カメラ FUJIFILM X-T4 1/350 F2.8 ISO160 フィルムシミュレーションクラシックネガ

カメラ FUJIFILM X-T4 1/640 F2 ISO160 フィルムシミュレーションクラシックネガ

カメラ FUJIFILM X-T4 1/250 F1.4 ISO160 フィルムシミュレーションクラシックネガ
35㎜フルサイズ換算50㎜の出番はこうした路地裏スナップでも出番が回ってくる。筆者はこの時本レンズとフィルムシミュレーションクラシックネガとの組み合わせでノックアウトされた。路地と坂と猫の街、尾道でスナップ撮影を行ったのだが、本レンズとフィルムシミュレーションクラシックネガとの組み合わせは、こうしたなんてことの無い日常の一瞬を、何とも言えない情緒のある画に仕上げてくれる。これはカメラのおかげもあるが、レンズの持つ味わいも画作りに関係してくるため、この組み合わせならではの画といえるであろう。また、時間の都合上一気に駆け抜けるように撮影したのだが、軽く小さなレンズであったため軽快に撮り歩くことができた。
手振れ補正
最後にテストカメラに使用したX-T4のカメラ内手振れ補正が本レンズでもきちんと作動するかを確認しておこう。
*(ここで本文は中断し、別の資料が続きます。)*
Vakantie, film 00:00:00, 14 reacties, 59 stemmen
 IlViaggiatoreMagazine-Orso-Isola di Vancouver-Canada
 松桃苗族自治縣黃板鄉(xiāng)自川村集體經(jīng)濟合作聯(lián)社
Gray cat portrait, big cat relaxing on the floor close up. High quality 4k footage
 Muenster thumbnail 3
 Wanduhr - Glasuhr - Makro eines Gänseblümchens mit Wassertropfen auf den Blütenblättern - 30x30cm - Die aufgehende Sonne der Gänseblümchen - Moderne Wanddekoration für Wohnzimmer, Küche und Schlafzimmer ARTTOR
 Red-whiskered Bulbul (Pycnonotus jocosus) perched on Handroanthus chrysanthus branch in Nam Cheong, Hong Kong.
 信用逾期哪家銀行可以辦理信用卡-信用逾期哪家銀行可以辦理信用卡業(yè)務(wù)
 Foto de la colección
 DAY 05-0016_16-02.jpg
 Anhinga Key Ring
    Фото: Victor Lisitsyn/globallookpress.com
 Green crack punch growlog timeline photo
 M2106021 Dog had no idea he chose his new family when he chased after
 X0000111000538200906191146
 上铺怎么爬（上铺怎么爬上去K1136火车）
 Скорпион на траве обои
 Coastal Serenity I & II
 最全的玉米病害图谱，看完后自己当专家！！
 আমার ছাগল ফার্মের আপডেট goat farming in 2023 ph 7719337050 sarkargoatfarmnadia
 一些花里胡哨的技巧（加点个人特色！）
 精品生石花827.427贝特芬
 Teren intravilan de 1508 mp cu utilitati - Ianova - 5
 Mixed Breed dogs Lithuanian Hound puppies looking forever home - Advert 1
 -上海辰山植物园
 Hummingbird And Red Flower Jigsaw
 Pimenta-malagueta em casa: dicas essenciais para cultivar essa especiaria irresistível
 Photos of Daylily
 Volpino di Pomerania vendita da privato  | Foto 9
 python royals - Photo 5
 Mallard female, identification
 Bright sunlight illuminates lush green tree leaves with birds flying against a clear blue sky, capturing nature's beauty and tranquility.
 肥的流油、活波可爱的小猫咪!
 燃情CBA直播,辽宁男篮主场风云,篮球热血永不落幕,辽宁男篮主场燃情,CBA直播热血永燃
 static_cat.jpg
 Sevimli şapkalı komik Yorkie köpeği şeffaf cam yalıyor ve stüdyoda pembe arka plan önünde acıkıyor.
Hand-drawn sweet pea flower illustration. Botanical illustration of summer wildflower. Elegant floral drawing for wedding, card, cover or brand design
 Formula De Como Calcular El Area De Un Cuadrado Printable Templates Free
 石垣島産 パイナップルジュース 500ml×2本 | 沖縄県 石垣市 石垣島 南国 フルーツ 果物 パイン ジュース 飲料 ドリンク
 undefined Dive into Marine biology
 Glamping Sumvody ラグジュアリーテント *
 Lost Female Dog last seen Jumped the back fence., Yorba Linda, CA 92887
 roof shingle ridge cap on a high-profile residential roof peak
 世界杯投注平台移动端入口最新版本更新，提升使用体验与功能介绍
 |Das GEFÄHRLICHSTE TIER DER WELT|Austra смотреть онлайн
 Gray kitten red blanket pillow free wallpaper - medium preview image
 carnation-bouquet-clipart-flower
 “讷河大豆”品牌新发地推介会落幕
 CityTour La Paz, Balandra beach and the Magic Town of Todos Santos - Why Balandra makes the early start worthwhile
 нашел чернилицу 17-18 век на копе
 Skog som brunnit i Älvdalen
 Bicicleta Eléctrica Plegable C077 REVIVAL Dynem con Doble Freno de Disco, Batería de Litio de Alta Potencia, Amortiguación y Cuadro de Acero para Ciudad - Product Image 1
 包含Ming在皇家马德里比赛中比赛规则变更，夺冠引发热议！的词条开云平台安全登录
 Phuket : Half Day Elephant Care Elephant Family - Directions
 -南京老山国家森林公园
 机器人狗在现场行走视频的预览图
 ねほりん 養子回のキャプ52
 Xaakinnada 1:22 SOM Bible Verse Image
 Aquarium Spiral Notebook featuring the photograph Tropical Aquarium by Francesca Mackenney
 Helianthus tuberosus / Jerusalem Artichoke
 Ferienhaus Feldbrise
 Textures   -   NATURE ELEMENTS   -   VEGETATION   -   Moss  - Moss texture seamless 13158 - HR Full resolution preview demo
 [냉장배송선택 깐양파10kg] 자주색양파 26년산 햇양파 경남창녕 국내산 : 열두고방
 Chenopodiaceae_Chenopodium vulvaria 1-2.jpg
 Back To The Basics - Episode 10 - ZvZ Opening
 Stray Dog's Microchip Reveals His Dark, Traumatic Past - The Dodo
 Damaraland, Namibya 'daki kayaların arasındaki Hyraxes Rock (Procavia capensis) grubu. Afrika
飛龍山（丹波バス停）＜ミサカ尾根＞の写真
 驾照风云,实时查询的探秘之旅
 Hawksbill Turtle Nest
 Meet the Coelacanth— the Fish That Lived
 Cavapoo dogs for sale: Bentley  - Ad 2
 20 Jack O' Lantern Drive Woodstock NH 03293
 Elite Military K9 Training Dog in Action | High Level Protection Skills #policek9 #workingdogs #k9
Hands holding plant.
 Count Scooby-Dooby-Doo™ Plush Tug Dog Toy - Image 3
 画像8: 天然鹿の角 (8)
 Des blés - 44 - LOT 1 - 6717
カメラ FUJIFILM X-T4 2秒 F8 ISO640 フィルムシミュレーションPROVIA(スタンダード) 補正ON

カメラ FUJIFILM X-T4 2秒 F8 ISO640 フィルムシミュレーションPROVIA(スタンダード) 補正OFF
どういった状態で撮影したのかの詳しい説明は、こちらのHowto特集ページで記載してあるのでご興味のある方はそちらを読んでいただければ幸いであるが、2秒をしっかりと補正できている。カメラ本体の手振れ補正機能をしっかりと使えているようだ。しかし、2秒という秒数を使っての撮影、且つ構図構成の自由度を考えれば筆者としては三脚の使用をお勧めしたい。